__Data to use__:
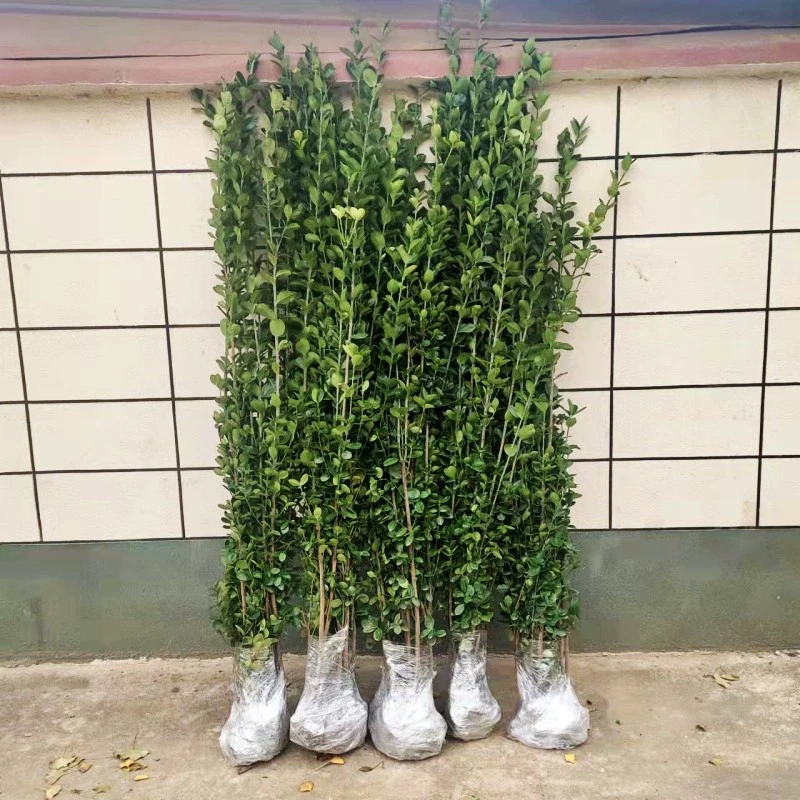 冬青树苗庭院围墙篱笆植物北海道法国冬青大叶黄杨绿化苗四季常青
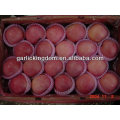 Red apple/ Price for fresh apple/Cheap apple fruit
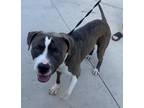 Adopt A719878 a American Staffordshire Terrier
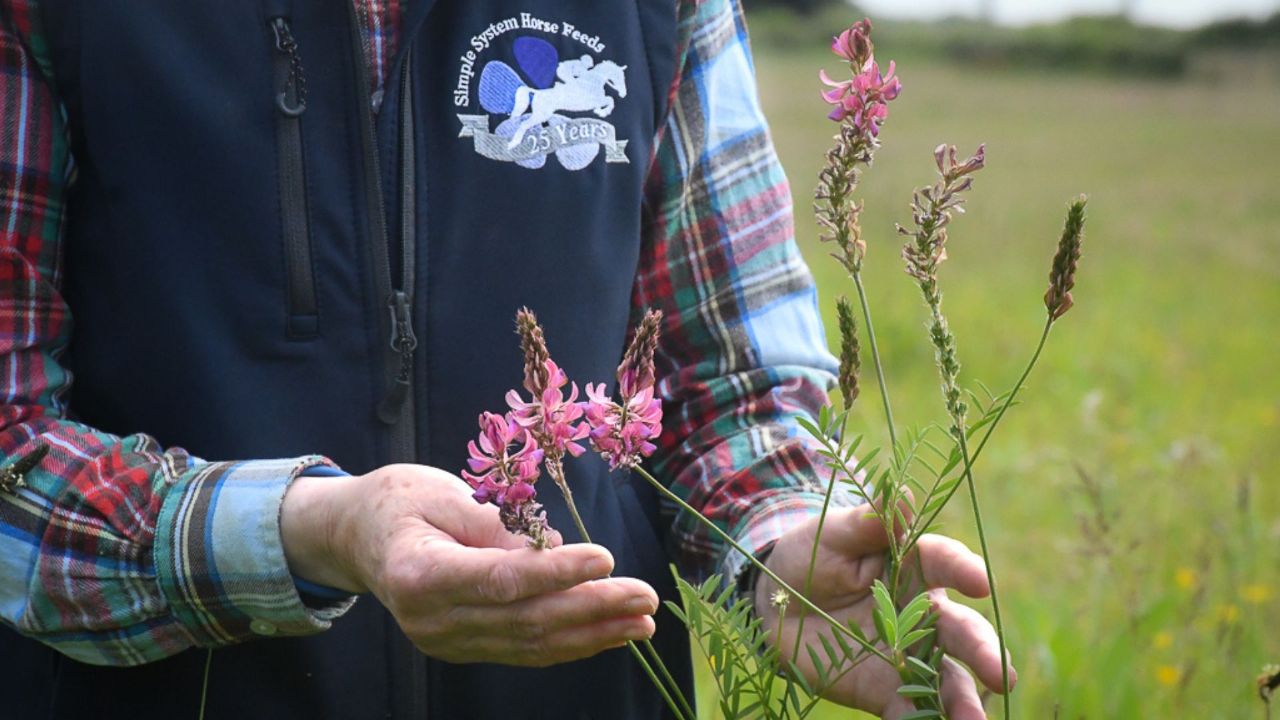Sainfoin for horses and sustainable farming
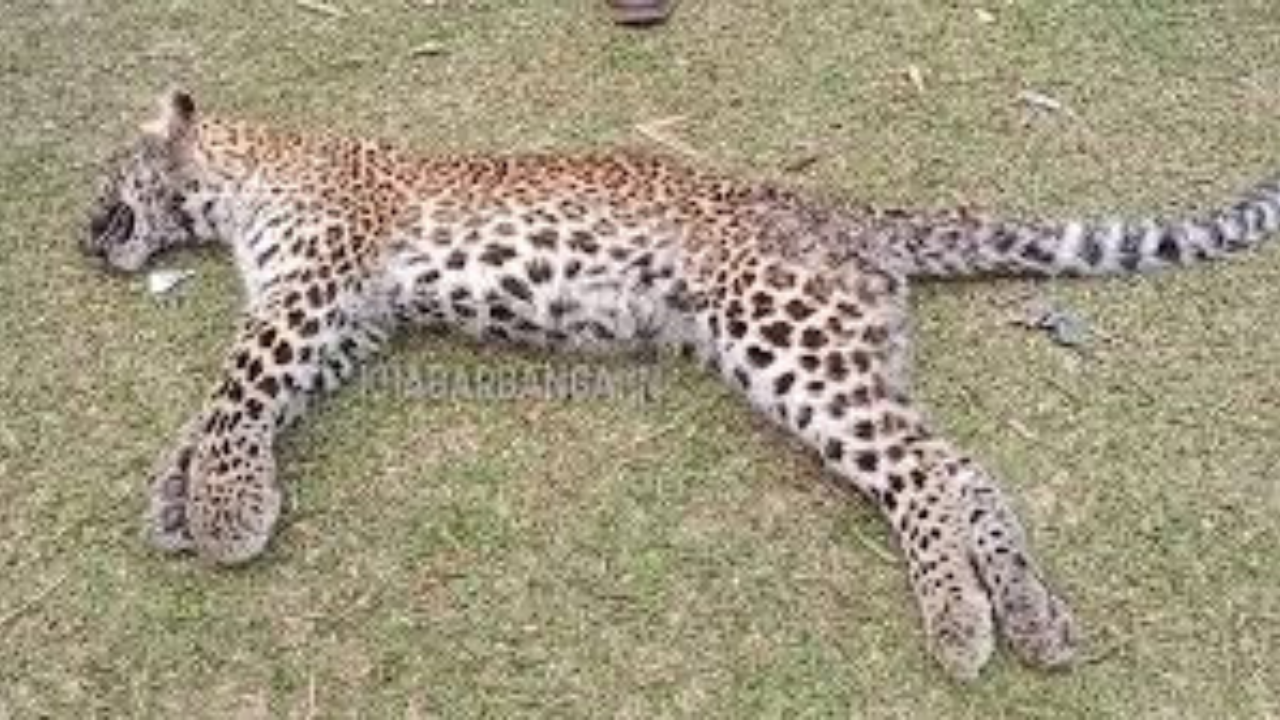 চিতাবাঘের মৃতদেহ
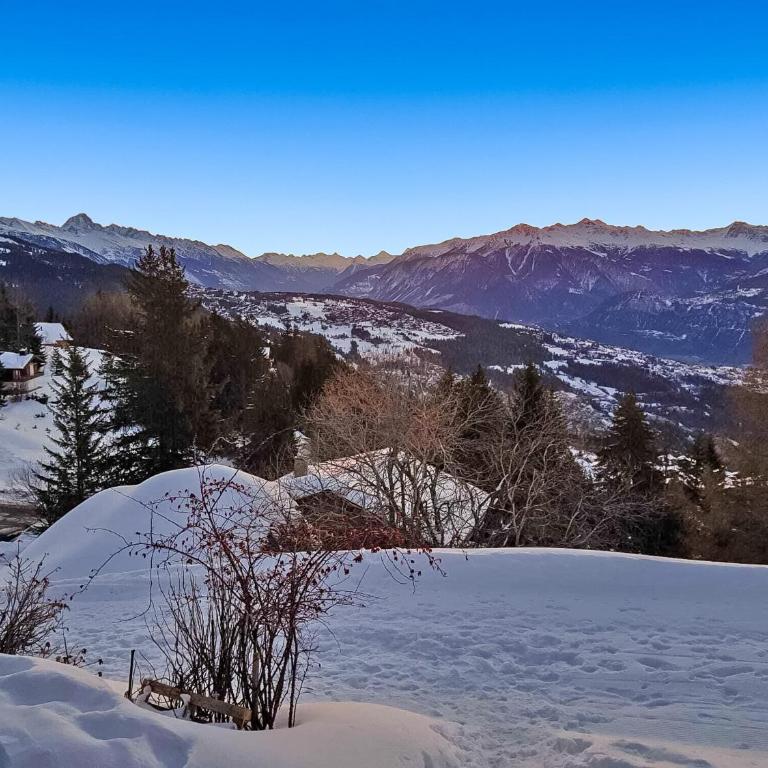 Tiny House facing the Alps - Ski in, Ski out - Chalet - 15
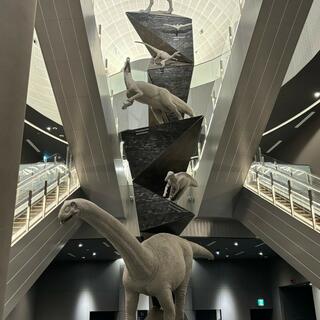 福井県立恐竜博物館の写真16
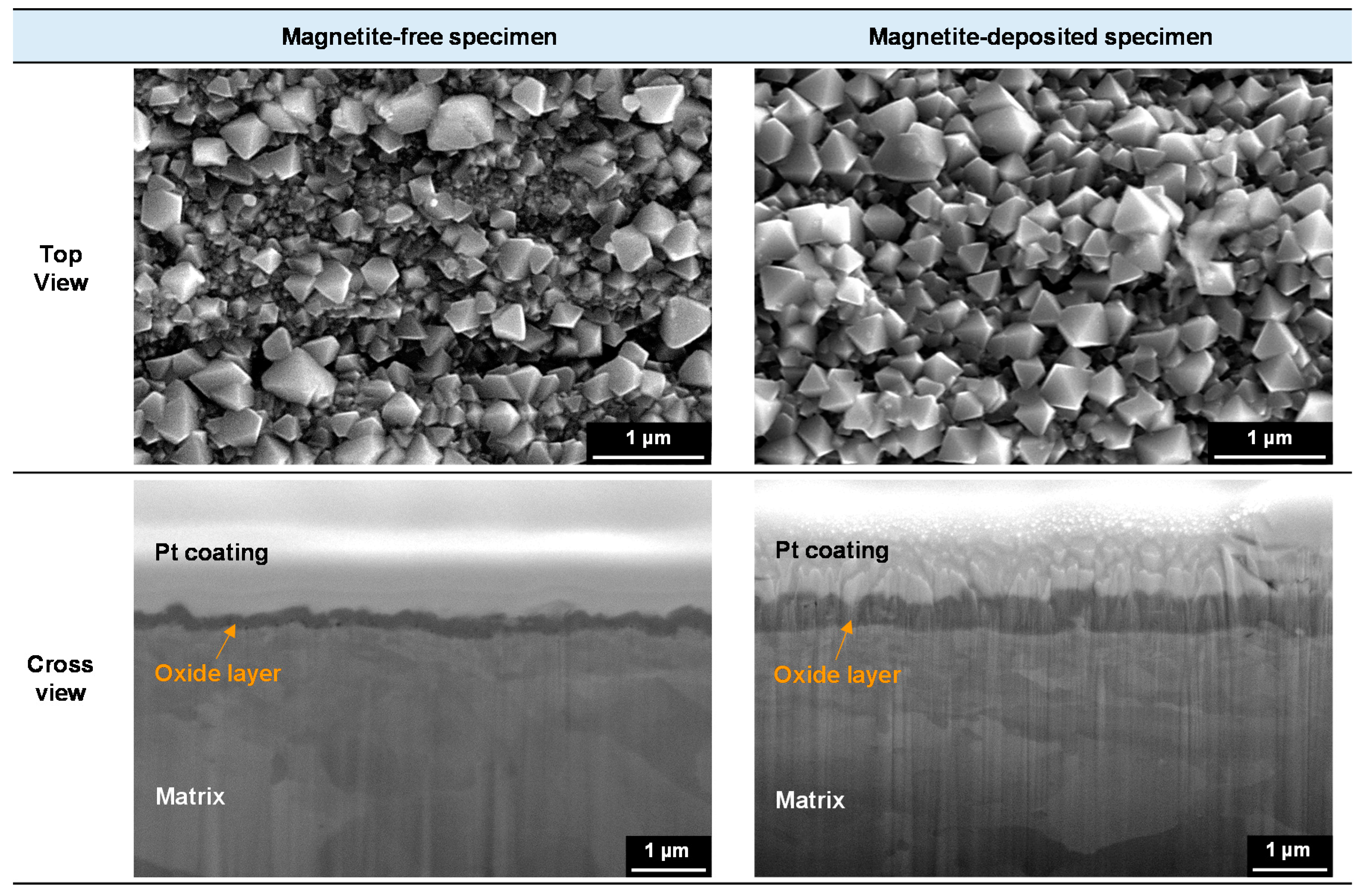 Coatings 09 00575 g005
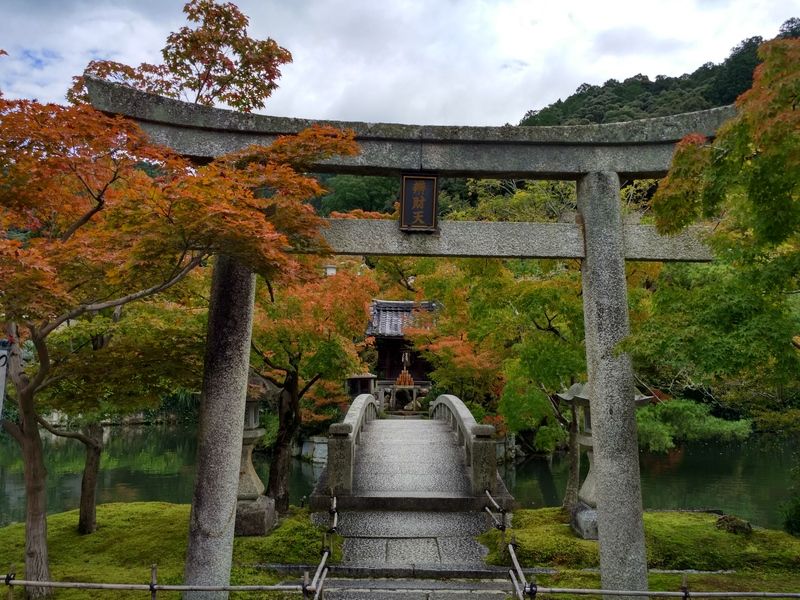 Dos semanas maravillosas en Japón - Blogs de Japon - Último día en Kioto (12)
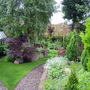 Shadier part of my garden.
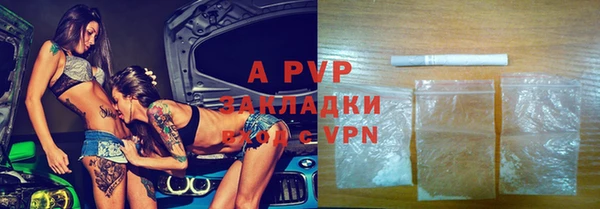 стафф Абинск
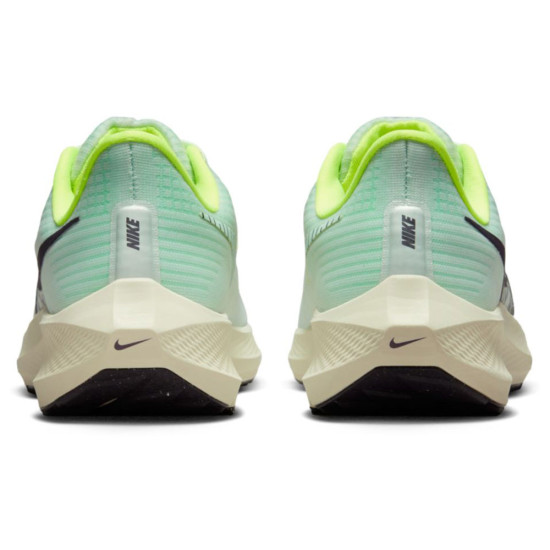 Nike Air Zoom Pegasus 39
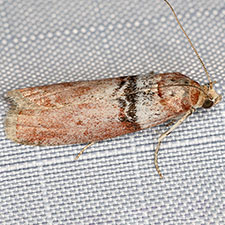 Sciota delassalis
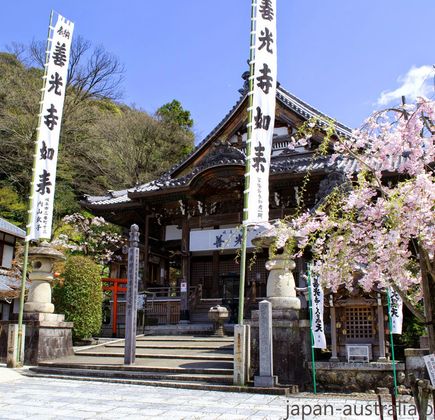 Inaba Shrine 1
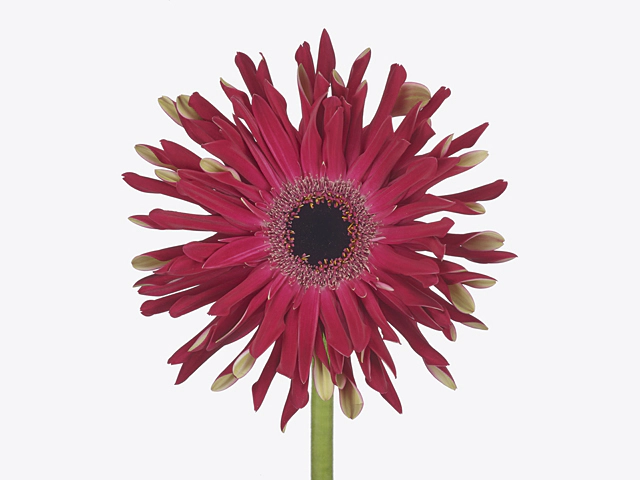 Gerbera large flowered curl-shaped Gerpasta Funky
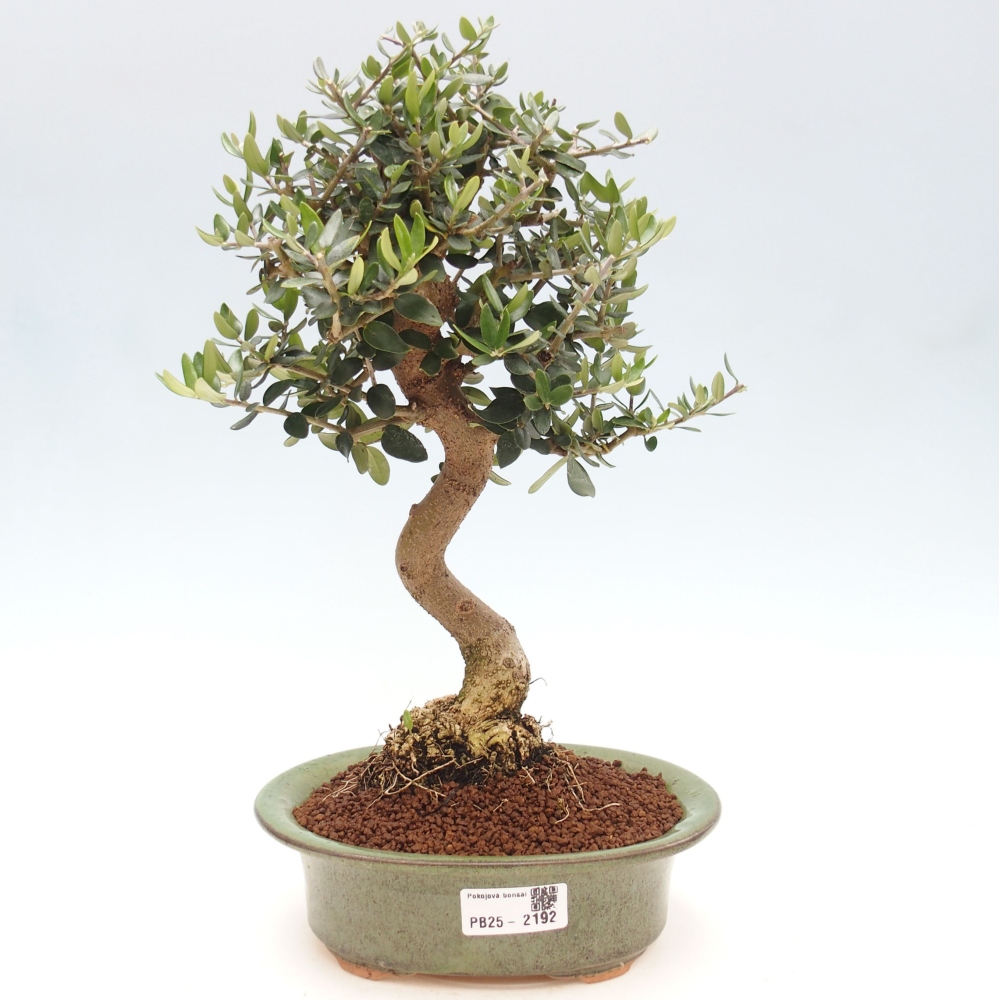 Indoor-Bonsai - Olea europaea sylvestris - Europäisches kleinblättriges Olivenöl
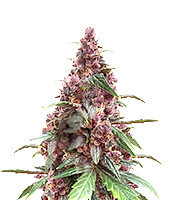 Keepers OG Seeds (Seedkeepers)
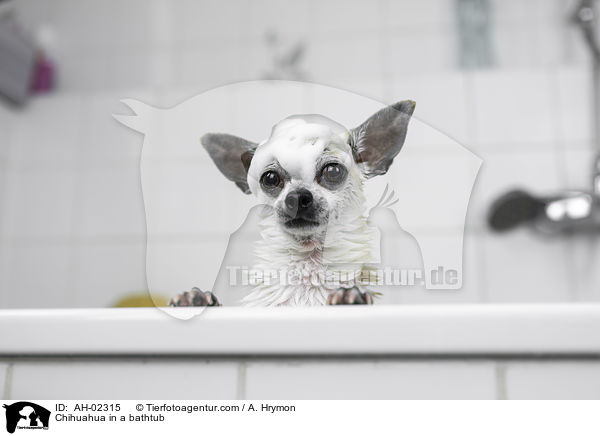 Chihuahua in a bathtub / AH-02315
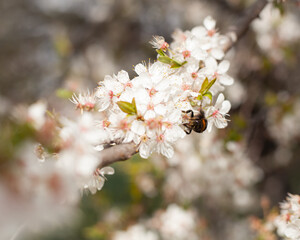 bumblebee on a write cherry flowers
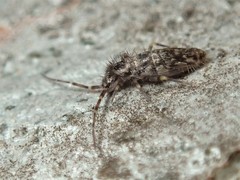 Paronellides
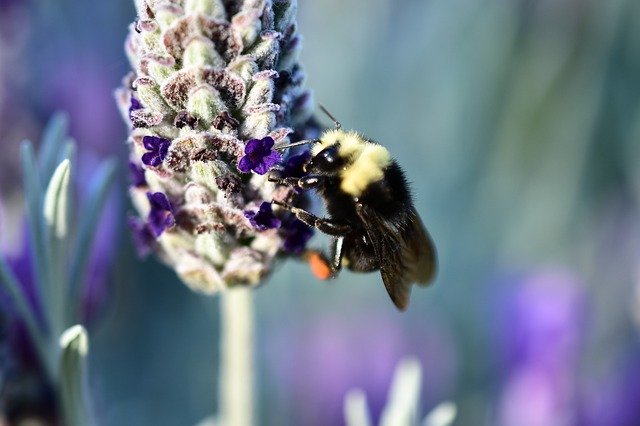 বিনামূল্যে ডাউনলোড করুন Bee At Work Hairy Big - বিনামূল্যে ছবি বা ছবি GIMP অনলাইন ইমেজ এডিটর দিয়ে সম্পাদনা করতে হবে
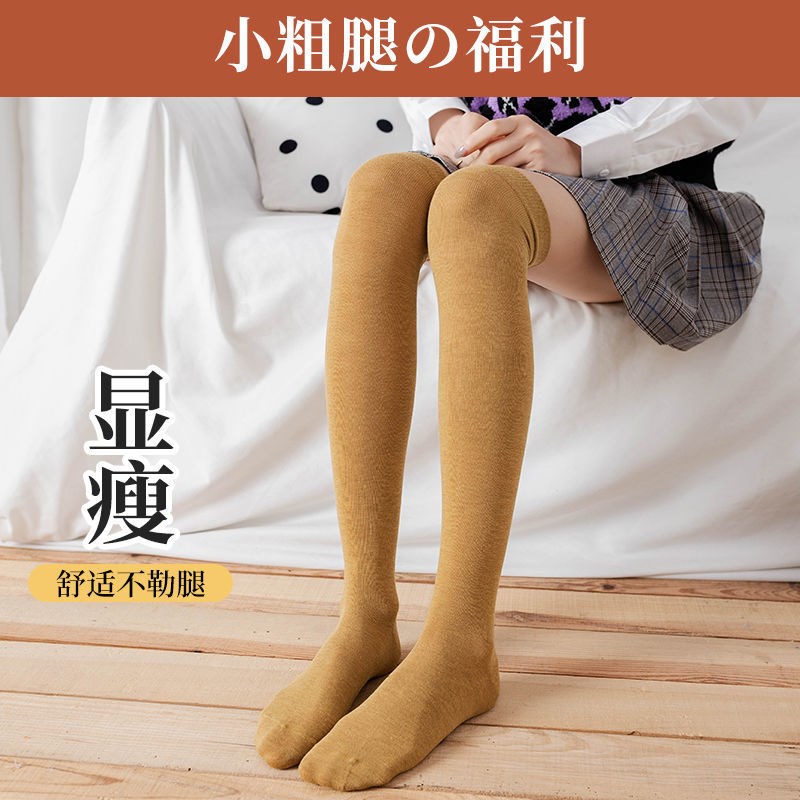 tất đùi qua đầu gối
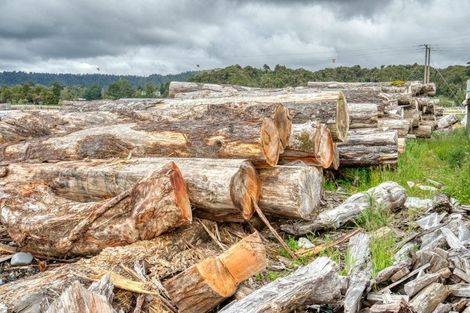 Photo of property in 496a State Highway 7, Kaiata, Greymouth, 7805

__The problem__: Print every record above exactly, with no pictures.

__Solution for this exercise__:
 冬青树苗庭院围墙篱笆植物北海道法国冬青大叶黄杨绿化苗四季常青
 Red apple/ Price for fresh apple/Cheap apple fruit
 Adopt A719878 a American Staffordshire Terrier
Sainfoin for horses and sustainable farming
 চিতাবাঘের মৃতদেহ
 Tiny House facing the Alps - Ski in, Ski out - Chalet - 15
 福井県立恐竜博物館の写真16
 Coatings 09 00575 g005
 Dos semanas maravillosas en Japón - Blogs de Japon - Último día en Kioto (12)
 Shadier part of my garden.
 стафф Абинск
 Nike Air Zoom Pegasus 39
 Sciota delassalis
 Inaba Shrine 1
 Gerbera large flowered curl-shaped Gerpasta Funky
 Indoor-Bonsai - Olea europaea sylvestris - Europäisches kleinblättriges Olivenöl
 Keepers OG Seeds (Seedkeepers)
 Chihuahua in a bathtub / AH-02315
 bumblebee on a write cherry flowers
 Paronellides
 বিনামূল্যে ডাউনলোড করুন Bee At Work Hairy Big - বিনামূল্যে ছবি বা ছবি GIMP অনলাইন ইমেজ এডিটর দিয়ে সম্পাদনা করতে হবে
 tất đùi qua đầu gối
 Photo of property in 496a State Highway 7, Kaiata, Greymouth, 7805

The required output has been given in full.